We packed so much into those 3 days that we left completely satisfied and completely exhausted.

Spectating..... Waiting for the leaders to come through on the run
super long run on the Gold Coast- Surfer's Paradise in the background

I loved bringing Wynne to the WTS race. She already is growing up in the triathlon lifestyle and being exposed to fitness and challenge. Here she is giving US 2016 Olympian (and quite possibly favorite for the Gold Medal) Gwen Jorgensen, some feedback on her race.




preparing / for Ironman Australia just 2 weeks away. This weekend I completed my final race simulation brick workout and last long run..... Taper. Is. Here.


recovering / We just got the Normatec Pulse full-body recovery system. I'm sitting in the boots right now and it has become a daily routine. Training 30+ hours per week, my one weekly massage was just not cutting it in the recovery department. It boggles my mind how tight the compression gets- haven't even had the guts to turn it up to 10 yet!

snapping / always something fun going on over on snapchat.. follow me, username: bethgerdes .








That's all for now. Off to top off the afternoon with some bike hill reps..





Saturday, April 2, 2016

Q1 in review

Another week, another blog post. I'm totally on a roll.

Since I just updated my USADA (United States Anti-Doping Agency) athlete "whereabouts" for Q2 (a one-hour window where I must provide my daily location to be available for drug-testing), I thought it would be apropos (always love a good reason to use that word!) to review the Q1 happenings from 2016.

January
I began the year with a training block in Noosa, Australia, mostly focusing on speed, strength, & power (i.e. everything except big volume) to prep for the 70.3 Pan American Pro Championships in Panama City, Panama on January 31st.

"On our way" from Australia to Panama, we "stopped by" Chicago to visit the Gatorade Sports Science Institute (GSSI) for some testing on sweat, fat utilization, and other (super secret d'uh) things. Chicago visits are always welcome because we get to spend time with my sister's family and Wynne gets some great cousin time.

 Being a part of the Gatorade family has been unreal so far- we are doing some cool next-level stuff that should help get that extra 1%. 
In the lab at GSSI

Once we finished up at GSSI, we took the bird south to Panama (the country not the spring break locale in Florida). Race day for Panama 70.3 dawned and although I wasn't "fully cooked" on the training front, I still managed 8th place in a Championship 70.3, one step up from 9th at the North American Pro Championships in 2015. So...progress.

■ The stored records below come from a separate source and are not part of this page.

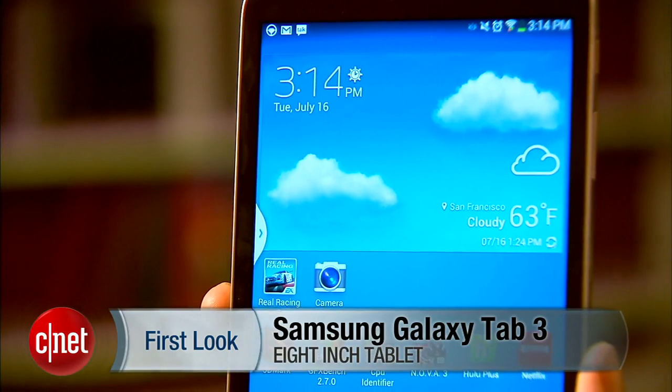For more information, check out my full review at cnet.com. I'm Eric Franklin, and this has been a first look at the 8-inch Samsung Galaxy Tab 3.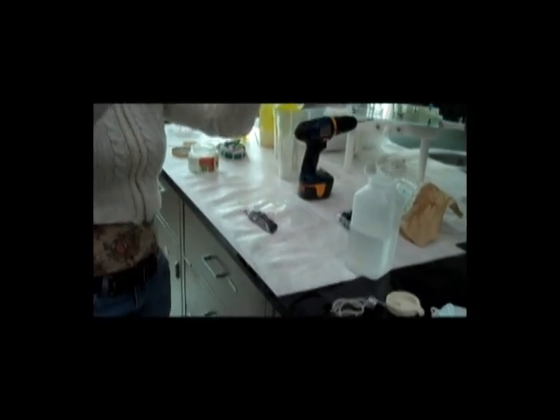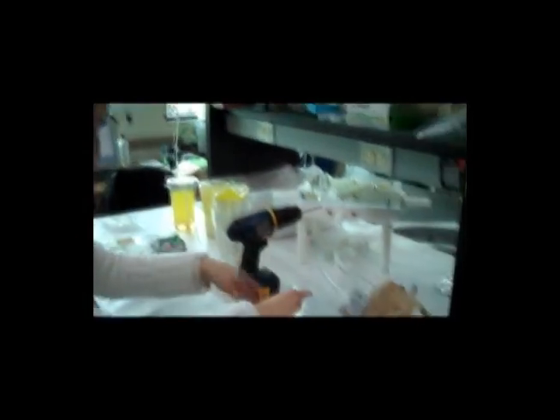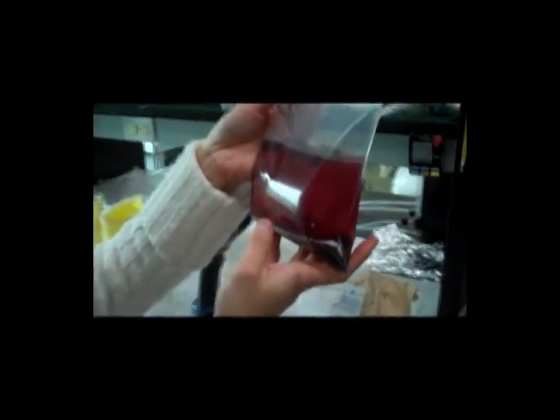Most of the berries should sink, and then the larvae should float. Here's a nice example of floating larvae and some pupae. Some of the larvae are swimming about in the solution, and some are coming to the top now.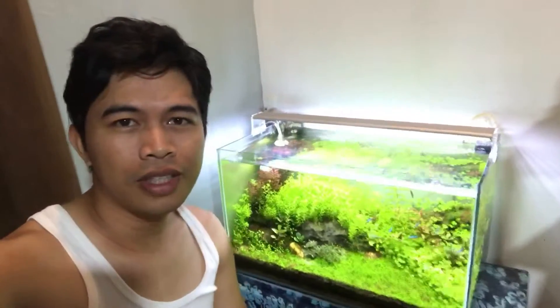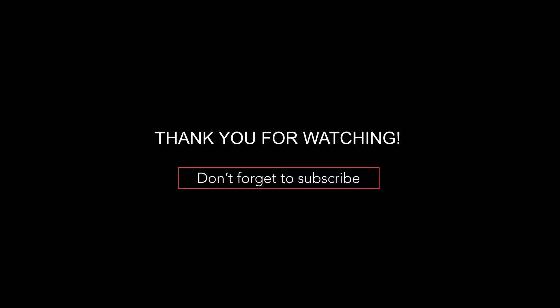Thank you guys for watching and please subscribe if you haven't. I will see you in the next video. Thank you.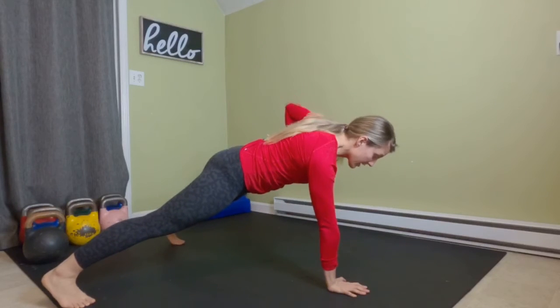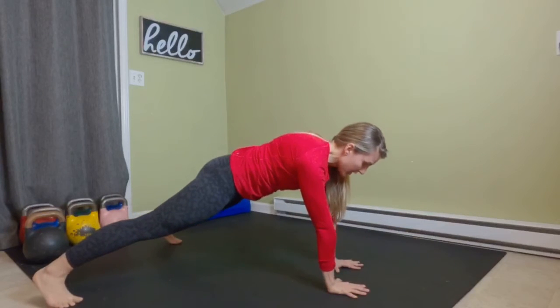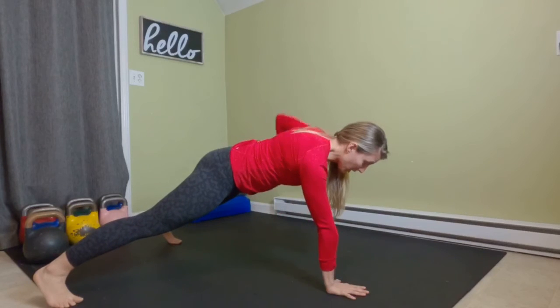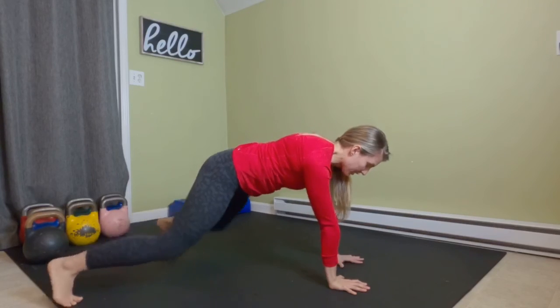Come back down and switch. The idea here is to not allow your hips to rock from side to side as you do this. Resist that rotation. Keep your core nice and tight as your elbow comes past your ribs, and you squeeze your shoulder blades together at the top of the row.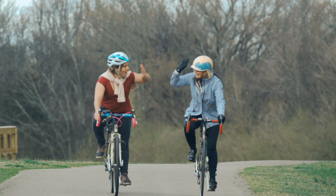We at Walk Bike National want to make sure you are safe and that you have fun. Happy Biking!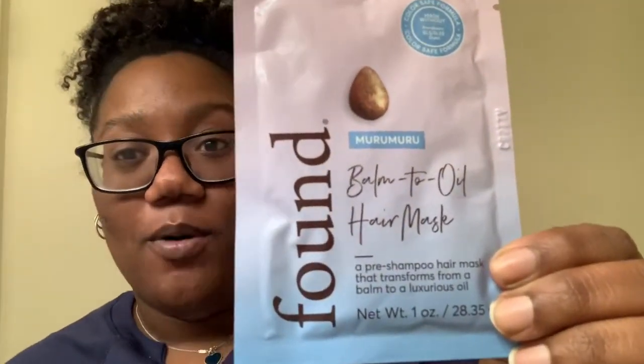Hi, welcome to my channel Curly Tails. I'm Talese, and today I'm gonna be using a pre-shampoo hair mask that looks like this. I actually got it from Walmart randomly — it says it's by Found, and it's a Bomba Oil hair mask with murumuru in it.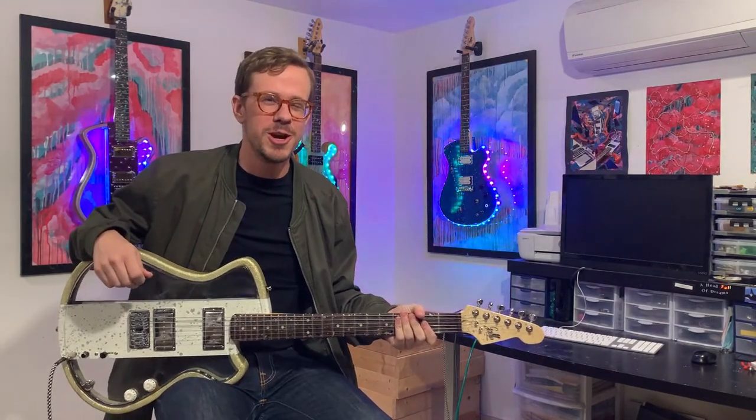Hey everyone, this is Drew Jones over at Gaio Guitars Studio in New York City, art capital of the world.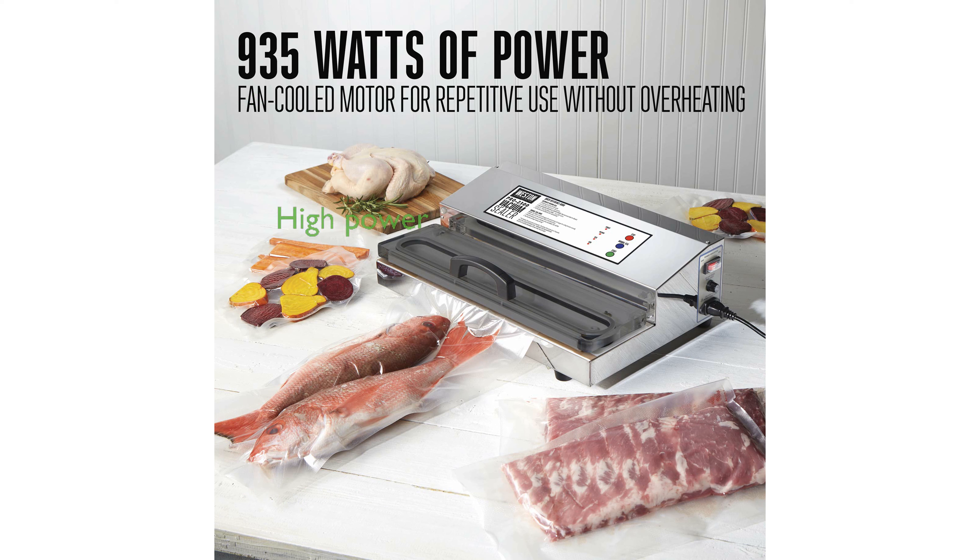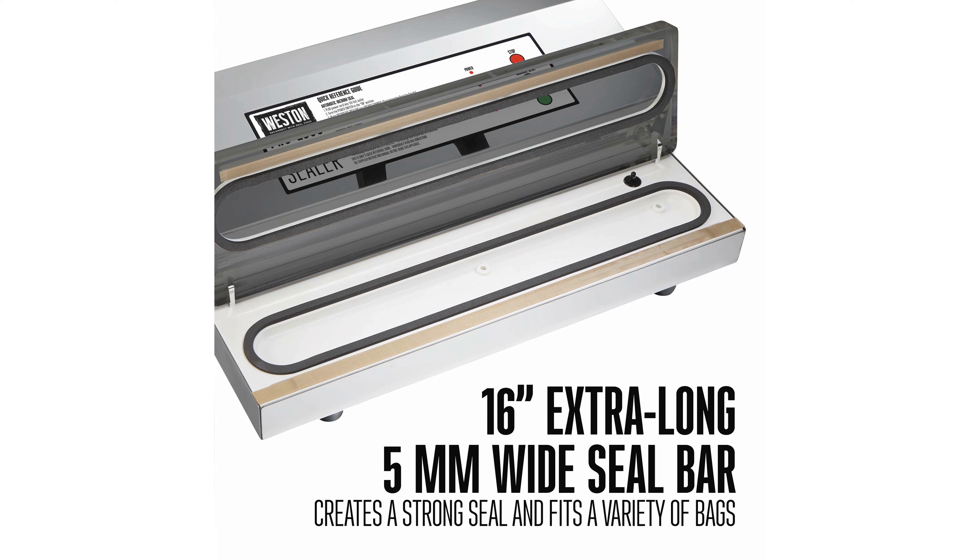With 935 watts of power, this vacuum sealer is exceptionally powerful, even sealing through moisture with ease. The 5-millimeter wide seal bar ensures a solid and dependable seal every time, enhancing the reliability of your food preservation.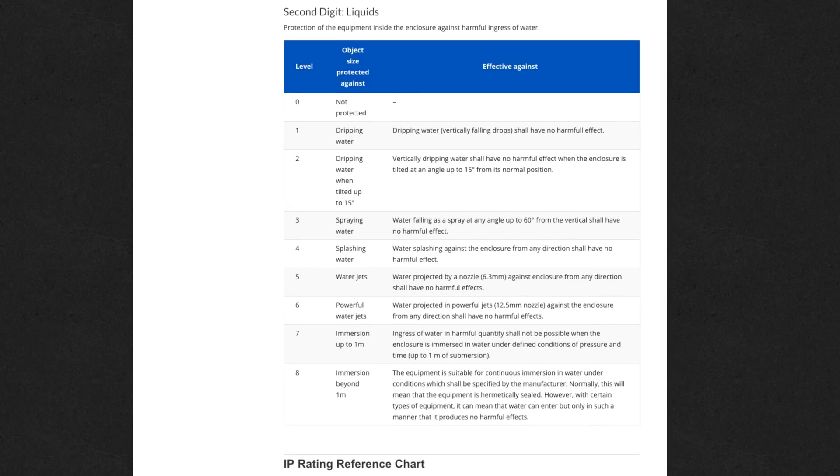The second number, which on the iPhone 7 is a 7, is for waterproofing. On the Galaxy S7, that number is an 8. That scale goes from 0 up to 9, so 9 is the highest rating you could possibly get for water resistance. On the iPhone 7, it's a 7.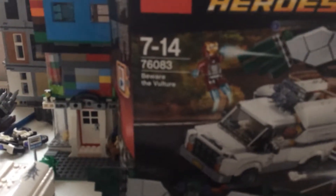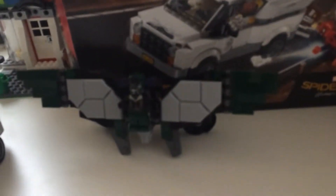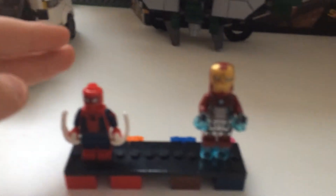Hello guys, today we've got set 76083, Beware the Vulture. It comes with the Spider-Man Homecoming version, not the Civil War one.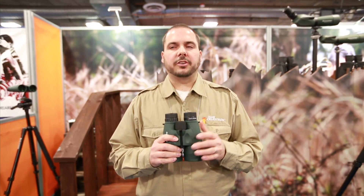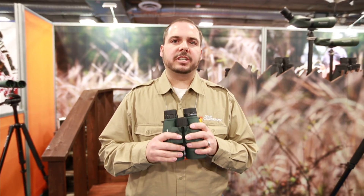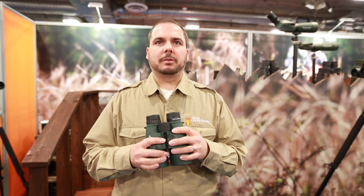Also new this year from Celestron is our Nature DX 56 millimeter. This is a line extension of our popular Nature DX series, and it comes in 8, 10, and 12 power. It's a nice entry-level 56 millimeter for those that want to do long-range glassing and low-light glassing at an affordable price.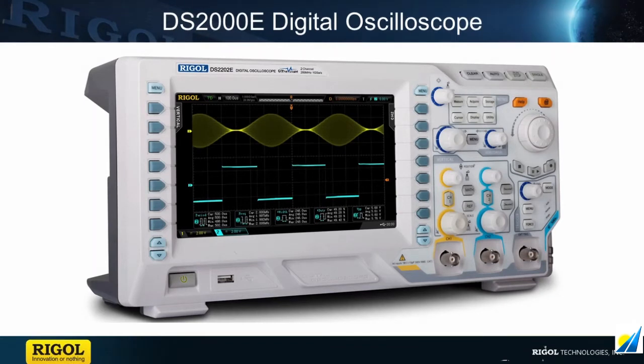Hi, my name is Daniel Manforti. I'm an applications engineer with Regal Technologies, and today I'll be introducing our latest line of digital oscilloscopes, the DS2000E.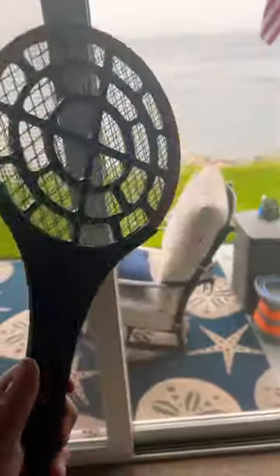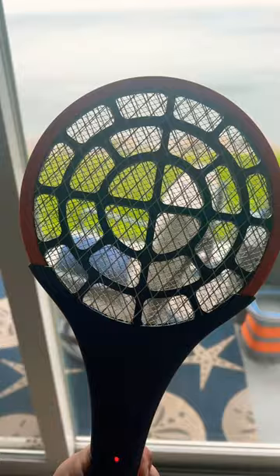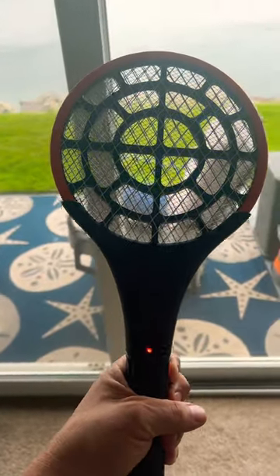The Devogue one is much better. Basically the way it works is you press the little red button — the other one works the same way, just a different color — and then you swat the flies. They're supposed to kill them dead in mid-air, but this one was much less successful than the one by Devogue.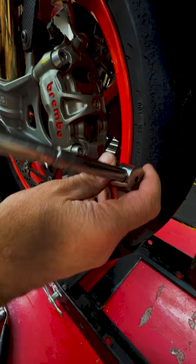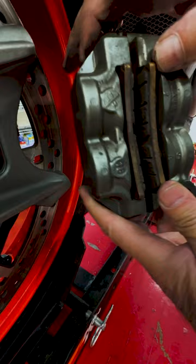This is a cool hack to reduce drag on your front brake rotors. Remove the brake calipers, remove the brake pads, and remove this little metal clip.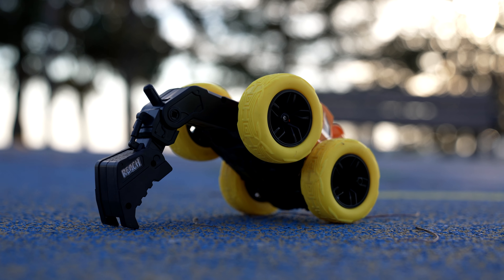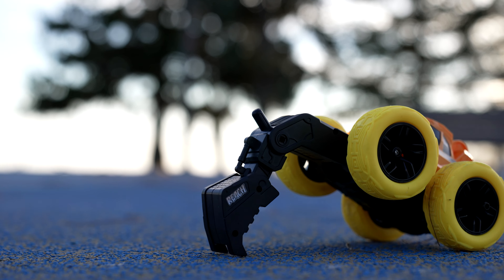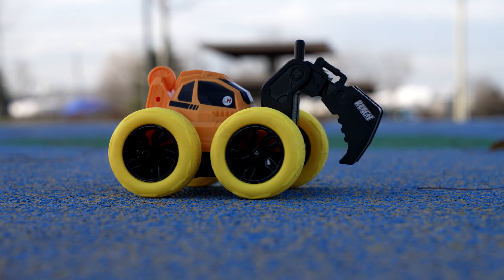Explore around the house, at the park, or in the backyard. Built from extremely durable plastics, Reach is a great toy for younger children.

Panama 70.3 run photos by Nate Kortuem
by Nate Kortuem



February
After Panama, we went straight to Costa Rica to guest-coach a triathlon training camp hosted by Race Quest Travel. The experience was unreal and the best part was sharing it with the group of campers we lucked out with ... Each day was filled with sun, ocean swim time, bike rides through the countryside, runs that finished with fresh coconuts, and sunset yoga. For Luke and I, it was a welcome break from our typical training "grind" and gave us a nice re-set prior to embarking on our Ironman training blocks back in Australia.

The Costa Rica crew (Costa Rica photos by Christopher Jarc aka Jarc the Shark) 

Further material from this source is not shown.